The South African banking system is well developed and effectively regulated, comprising a central bank – the South African Reserve Bank – as well as domestic and foreign institutions providing a full range of services – commercial, retail and merchant banking, mortgage lending, insurance and investment.
South Africa has adopted anti-money laundering laws to help it comply with its international obligations to fight organised crime and terrorism. The latest and most comprehensive legislation detailing money laundering controls include the Financial Intelligence Centre Act 38 of 2001 (FICA).
Customer identification is a crucial element of any effective money laundering control system. Banks are required to obtain certain information and supporting documentation from new customers before new accounts may be opened. The information and documents required vary depending on whether you are a customer in a personal capacity or part of an entity, whether you are a citizen of South Africa or a foreign national permanently resident in South Africa, a close corporation, listed company, a trust or other legal entity.

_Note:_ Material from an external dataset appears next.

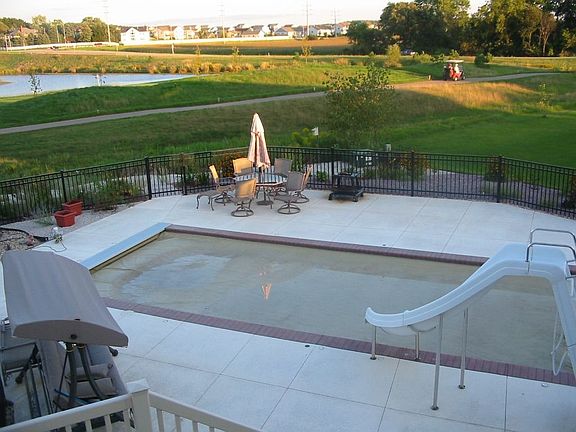 in ground pool!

As one of the world’s 20 largest exchanges by market capitalisation ($1,007bn at end-2013) and the largest exchange in Africa, the Johannesburg Stock Exchange is also ranked first in the world in terms of regulation of securities exchanges by the World Economic Forum’s Global Competitiveness Survey.
The exchange offers five financial markets; Equities and Bonds and Financial, Commodity and Interest Rate Derivatives. There are almost 400 companies listed across its main board and AltX, the alternative exchange for smaller capped, high-growth companies.
In July 2013, the JSE implemented a new trading platform while at the same time moving the trading system from London to Johannesburg which has resulted in trades now being executed up to 400 times faster than under the previous system. The change allows for increased liquidity and more algorithmic traders.